Leading hawks in Washington, including key figures within the administration, see things much differently. Secretary of State Mike Pompeo, national security adviser John Bolton and Trump’s special envoy to Syria, former diplomat James Jeffrey, all argue that U.S. military involvement in Syria is aimed not just at defeating Islamist militants but also at countering Iranian influence in Syria.
A U.S. official told The Washington Post that Trump never personally endorsed this strategy, and the president has publicly hinted as much. During a Cabinet meeting last week, Trump offhandedly remarked that Iran’s leadership “can do what they want” in Syria.
The top brass in the Pentagon, meanwhile, is hardly convinced that the Islamic State has been defeated. “Military officials have voiced deep reservations about the speedy departure at a moment when the extremists, though severely weakened, remain a potent threat and Turkey continues to prioritize its fight against the U.S.-backed Syrian Democratic Forces (SDF), which it considers part of a Kurdish terrorist group, over the battle against the Islamic State,” my colleagues reported.
This week, senior administration officials are jetting around the Middle Eastin a bid to assuage allies that the White House is still committed to their security interests. But so far, they’re mostly betraying the discord within the administration over what comes next.
Pompeo, a vocal advocate of the anti-Iran strategy, will make an eight-country swing through all six members of the Gulf Cooperation Council — Saudi Arabia, Kuwait, the United Arab Emirates, Qatar, Bahrain and Oman — as well as Egypt and Jordan. He will try to present a united front despite the White House’s increasingly incoherent approach to the region.
“The counter-Iran campaign continues,” Pompeo told right-wing outlet Newsmax on Thursday. “We’ll do all of those things. … We will simply do it at a time when the American forces have departed Syria.”

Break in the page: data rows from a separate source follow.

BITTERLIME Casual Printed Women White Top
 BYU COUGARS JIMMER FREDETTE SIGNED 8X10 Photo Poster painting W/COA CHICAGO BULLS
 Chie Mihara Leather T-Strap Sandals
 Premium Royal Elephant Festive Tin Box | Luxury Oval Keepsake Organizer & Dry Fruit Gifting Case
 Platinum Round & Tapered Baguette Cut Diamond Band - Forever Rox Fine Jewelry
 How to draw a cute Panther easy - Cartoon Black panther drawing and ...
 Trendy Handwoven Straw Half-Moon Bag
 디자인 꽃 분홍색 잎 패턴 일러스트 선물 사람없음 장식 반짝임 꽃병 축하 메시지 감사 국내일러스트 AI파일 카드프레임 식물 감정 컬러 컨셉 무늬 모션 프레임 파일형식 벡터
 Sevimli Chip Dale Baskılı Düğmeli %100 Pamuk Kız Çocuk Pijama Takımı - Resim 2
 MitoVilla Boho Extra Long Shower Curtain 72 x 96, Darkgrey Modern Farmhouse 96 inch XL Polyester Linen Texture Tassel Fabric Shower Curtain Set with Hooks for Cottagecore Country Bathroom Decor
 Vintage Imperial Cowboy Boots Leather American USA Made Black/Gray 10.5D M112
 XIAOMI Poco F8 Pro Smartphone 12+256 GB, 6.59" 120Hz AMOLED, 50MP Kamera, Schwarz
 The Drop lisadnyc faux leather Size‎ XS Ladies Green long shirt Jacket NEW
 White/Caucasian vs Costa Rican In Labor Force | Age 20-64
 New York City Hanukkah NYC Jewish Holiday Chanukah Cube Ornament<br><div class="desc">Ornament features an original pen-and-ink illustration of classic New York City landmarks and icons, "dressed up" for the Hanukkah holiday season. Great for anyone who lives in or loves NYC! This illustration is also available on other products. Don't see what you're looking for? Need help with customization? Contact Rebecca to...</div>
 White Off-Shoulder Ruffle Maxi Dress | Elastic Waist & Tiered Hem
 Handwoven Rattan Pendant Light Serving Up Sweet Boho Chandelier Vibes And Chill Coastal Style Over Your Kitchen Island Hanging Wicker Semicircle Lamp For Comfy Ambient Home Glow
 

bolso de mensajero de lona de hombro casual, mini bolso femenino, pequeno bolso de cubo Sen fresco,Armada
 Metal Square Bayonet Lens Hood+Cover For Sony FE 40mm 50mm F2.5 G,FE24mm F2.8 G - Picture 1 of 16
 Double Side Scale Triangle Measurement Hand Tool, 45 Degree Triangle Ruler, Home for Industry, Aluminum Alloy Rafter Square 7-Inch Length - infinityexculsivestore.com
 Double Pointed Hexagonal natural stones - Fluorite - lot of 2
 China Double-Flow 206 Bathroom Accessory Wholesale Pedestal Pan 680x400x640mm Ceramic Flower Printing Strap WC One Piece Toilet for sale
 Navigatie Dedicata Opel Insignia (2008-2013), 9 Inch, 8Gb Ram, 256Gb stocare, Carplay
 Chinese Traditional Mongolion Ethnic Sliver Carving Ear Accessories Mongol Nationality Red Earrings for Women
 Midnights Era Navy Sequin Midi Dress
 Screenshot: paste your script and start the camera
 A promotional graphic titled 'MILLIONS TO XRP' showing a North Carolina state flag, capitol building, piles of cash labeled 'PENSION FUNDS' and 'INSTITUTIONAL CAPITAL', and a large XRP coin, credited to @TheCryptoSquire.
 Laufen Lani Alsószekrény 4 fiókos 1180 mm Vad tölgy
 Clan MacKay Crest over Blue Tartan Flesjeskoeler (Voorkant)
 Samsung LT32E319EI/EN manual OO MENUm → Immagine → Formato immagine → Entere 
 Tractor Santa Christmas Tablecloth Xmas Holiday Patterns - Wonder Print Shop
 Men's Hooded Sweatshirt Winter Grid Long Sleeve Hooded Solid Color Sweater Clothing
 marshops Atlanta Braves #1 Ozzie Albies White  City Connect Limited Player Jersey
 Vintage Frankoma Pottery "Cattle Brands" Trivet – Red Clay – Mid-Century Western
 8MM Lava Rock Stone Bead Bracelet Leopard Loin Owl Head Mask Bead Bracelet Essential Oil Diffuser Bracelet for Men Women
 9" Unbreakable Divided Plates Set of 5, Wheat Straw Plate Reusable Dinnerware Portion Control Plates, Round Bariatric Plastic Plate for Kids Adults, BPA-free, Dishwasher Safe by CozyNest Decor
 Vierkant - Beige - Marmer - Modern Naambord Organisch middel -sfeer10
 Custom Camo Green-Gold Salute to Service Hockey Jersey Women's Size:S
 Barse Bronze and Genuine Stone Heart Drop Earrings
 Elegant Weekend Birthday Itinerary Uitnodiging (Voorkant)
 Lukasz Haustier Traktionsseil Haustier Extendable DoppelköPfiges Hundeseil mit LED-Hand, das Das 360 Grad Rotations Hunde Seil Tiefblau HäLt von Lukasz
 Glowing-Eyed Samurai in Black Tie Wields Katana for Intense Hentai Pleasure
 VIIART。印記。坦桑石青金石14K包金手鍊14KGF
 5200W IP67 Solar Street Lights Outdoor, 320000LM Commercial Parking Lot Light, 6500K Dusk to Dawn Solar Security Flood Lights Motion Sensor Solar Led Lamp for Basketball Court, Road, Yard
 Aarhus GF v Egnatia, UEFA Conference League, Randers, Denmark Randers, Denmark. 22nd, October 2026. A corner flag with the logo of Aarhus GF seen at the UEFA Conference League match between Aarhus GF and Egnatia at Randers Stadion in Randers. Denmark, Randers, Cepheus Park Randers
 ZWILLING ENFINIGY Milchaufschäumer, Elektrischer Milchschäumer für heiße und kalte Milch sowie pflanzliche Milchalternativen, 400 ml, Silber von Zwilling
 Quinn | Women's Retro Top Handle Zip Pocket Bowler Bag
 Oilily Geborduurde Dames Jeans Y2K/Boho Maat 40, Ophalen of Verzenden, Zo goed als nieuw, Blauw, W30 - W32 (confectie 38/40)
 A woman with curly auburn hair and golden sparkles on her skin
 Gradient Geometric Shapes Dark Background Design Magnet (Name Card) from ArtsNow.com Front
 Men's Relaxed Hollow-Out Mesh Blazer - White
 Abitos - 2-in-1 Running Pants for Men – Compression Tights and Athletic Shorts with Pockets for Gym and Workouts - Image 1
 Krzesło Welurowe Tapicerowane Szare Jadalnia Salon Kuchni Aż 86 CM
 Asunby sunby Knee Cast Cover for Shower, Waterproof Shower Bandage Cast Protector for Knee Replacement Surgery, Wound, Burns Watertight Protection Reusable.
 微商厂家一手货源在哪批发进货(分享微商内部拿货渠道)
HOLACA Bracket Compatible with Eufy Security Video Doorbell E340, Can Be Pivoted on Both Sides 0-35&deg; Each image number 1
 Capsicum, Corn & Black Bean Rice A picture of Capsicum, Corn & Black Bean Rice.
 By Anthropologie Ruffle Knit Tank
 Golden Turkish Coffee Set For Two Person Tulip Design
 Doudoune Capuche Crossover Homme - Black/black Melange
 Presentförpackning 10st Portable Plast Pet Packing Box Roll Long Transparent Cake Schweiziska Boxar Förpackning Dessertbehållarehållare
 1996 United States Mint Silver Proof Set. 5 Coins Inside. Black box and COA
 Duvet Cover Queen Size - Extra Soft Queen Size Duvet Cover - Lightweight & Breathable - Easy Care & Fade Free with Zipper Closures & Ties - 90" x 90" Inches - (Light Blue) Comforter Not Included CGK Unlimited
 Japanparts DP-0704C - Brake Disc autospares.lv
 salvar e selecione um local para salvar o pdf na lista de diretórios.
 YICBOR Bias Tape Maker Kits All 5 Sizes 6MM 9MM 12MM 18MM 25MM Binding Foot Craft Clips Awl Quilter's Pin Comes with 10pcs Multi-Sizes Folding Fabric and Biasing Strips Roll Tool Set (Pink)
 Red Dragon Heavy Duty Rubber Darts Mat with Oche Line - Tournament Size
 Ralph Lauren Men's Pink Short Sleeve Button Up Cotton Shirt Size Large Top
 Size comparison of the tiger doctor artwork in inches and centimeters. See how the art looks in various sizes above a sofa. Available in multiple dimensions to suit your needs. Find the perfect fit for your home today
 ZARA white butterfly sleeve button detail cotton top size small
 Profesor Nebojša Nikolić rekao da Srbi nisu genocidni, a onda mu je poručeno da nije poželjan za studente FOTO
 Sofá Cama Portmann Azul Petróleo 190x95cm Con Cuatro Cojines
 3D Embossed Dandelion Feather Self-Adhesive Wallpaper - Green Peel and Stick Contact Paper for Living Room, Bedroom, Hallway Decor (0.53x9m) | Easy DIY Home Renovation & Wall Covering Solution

Bolton, meanwhile, was in Israel over the weekend and will later head to Turkey, where he’ll be accompanied by Jeffrey — the Syria envoy — and the chairman of the Joint Chiefs of Staff. Seemingly contradicting Trump, Bolton told reporters that no withdrawal from Syria will take place until the Islamist militants are fully defeated and Turkey guarantees the safety of Syrian Kurdish units allied with the United States but considered terrorist enemies by Ankara.
“There are objectives that we want to accomplish that condition the withdrawal,” Bolton said. “The timetable flows from the policy decisions that we need to implement.”
The facts on the ground suggest the timetable will be rather open-ended. The diplomatic wrangling with Turkey — which has vowed a military operation against Kurdish units across its southern border — may prove to be deeply complicated. A security guarantee for the Syrian Kurds could just be a “new unobtainable condition,” tweeted Faysal Itani of the Atlantic Council. Seeing their options dwindling, the main Syrian Kurdish armed faction has opened talks with the Assad regime, requesting military support from Damascus against a potential Turkish offensive.
Hawks in the Washington establishment have cheered Trump’s apparent about-face. “I think this is the reality setting in that you got to plan this out,” said Sen. Lindsey O. Graham (R-S.C.), telling CBS’s “Face the Nation” that “the bottom line here is we want to make sure we get this right, that ISIS doesn’t come back. And I applaud the president for reevaluating what he’s doing. … He has a goal in mind of reducing our presence. I share that goal. Let’s just do it smartly.”
But others see the latest changes as more evidence of an administration conflicted and confused about its agenda overseas. “Bolton got way out ahead of the policy, and it’s his job to understand what the president wants,” Robert Ford, a former U.S. ambassador in Syria, said to my colleagues. “When the president is nervous or cautious about something, it’s the NSC’s job to relay that back to State and the Pentagon, and warn them not to go too far. Apparently they didn’t get the message.”